TRY IT: Write out the listing from the line with "Deck Lounge outside" to the line with "Condo en alquiler", both lines included, exactly and nothing beyond. Leave pictures out.

INPUT DATA:
▶

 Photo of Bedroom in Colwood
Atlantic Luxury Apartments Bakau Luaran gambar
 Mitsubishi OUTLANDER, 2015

◀
▶

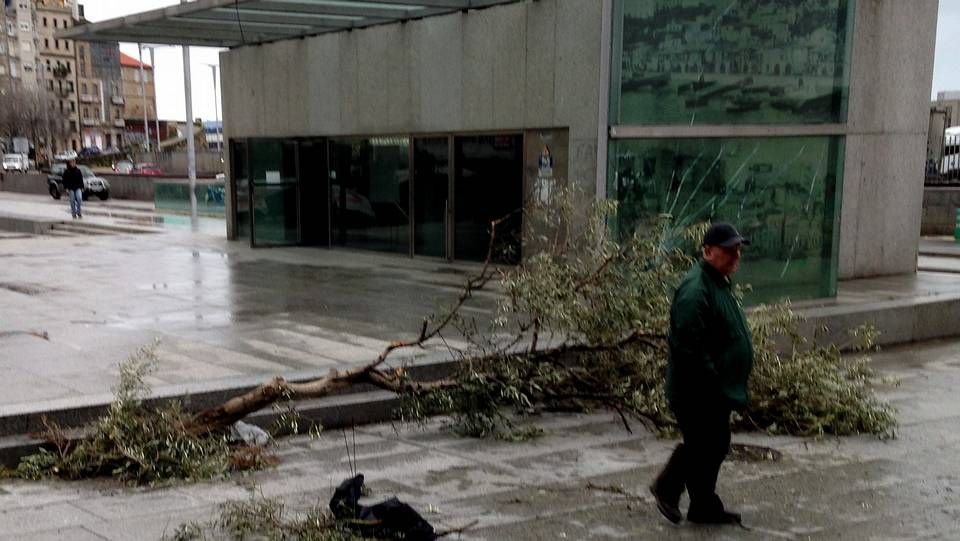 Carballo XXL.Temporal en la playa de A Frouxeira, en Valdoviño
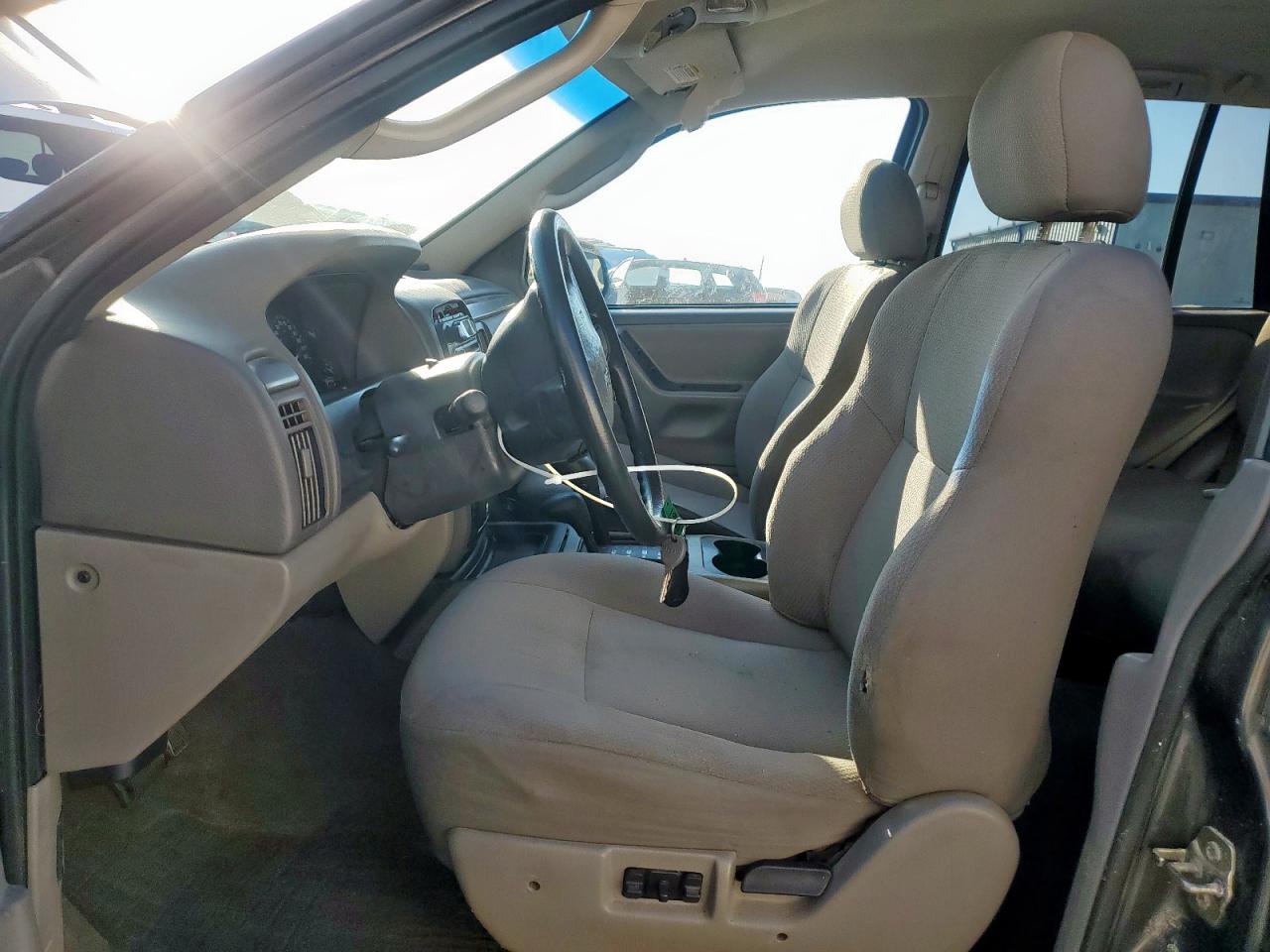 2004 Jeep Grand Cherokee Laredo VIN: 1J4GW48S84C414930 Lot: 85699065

◀
▶

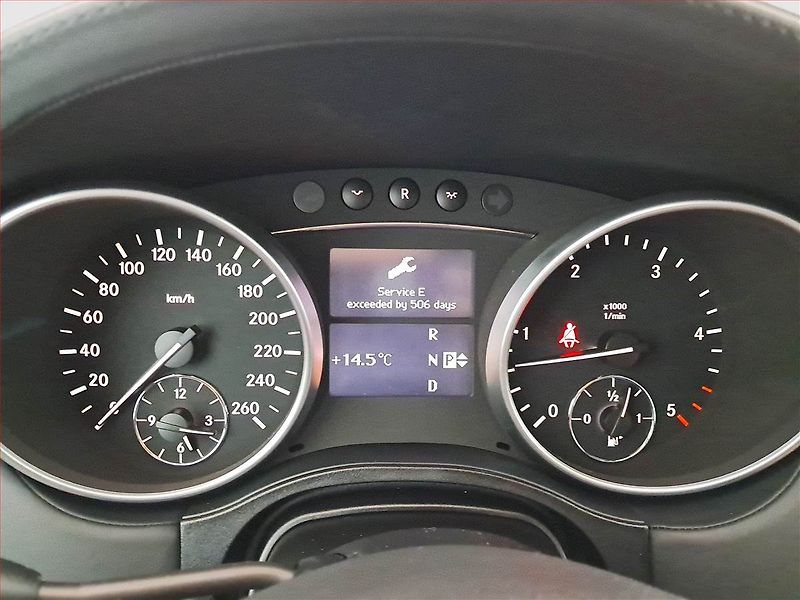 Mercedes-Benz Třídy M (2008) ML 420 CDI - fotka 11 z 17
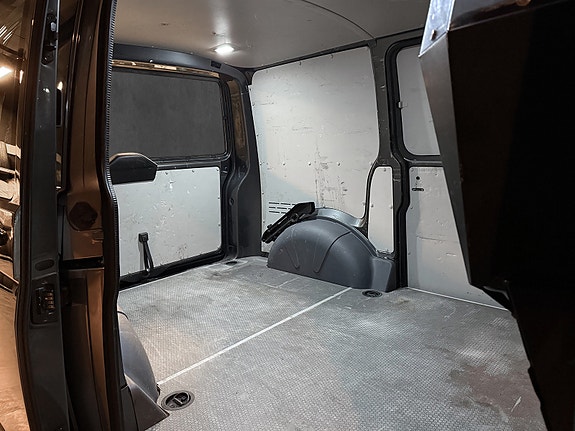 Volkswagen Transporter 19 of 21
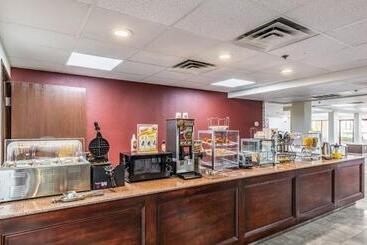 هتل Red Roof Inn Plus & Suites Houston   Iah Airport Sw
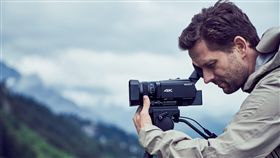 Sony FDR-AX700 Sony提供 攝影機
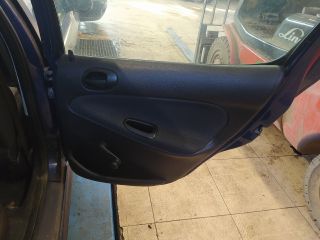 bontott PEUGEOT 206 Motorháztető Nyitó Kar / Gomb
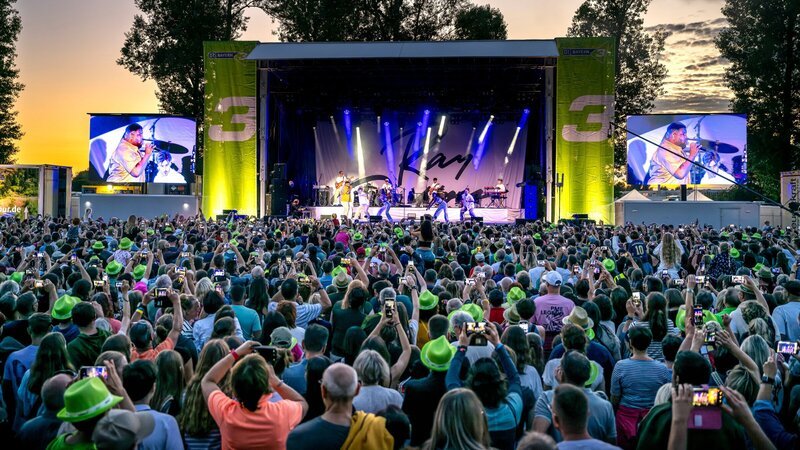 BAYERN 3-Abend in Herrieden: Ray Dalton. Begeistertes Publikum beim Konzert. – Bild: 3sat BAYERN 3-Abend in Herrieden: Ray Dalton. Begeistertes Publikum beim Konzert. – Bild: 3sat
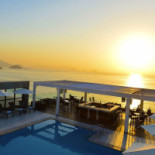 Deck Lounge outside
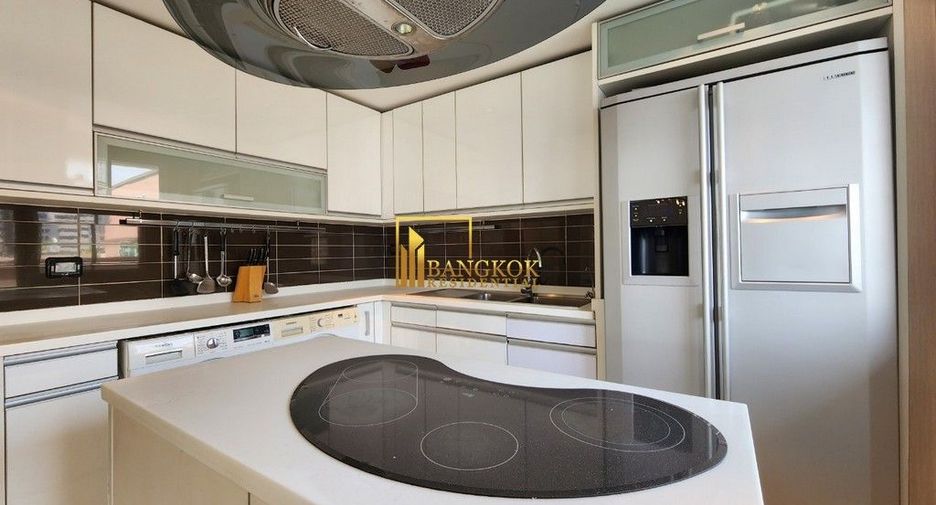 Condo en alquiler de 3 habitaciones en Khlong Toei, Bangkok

◀

COMPLETED TASK:
 Deck Lounge outside
 Condo en alquiler de 3 habitaciones en Khlong Toei, Bangkok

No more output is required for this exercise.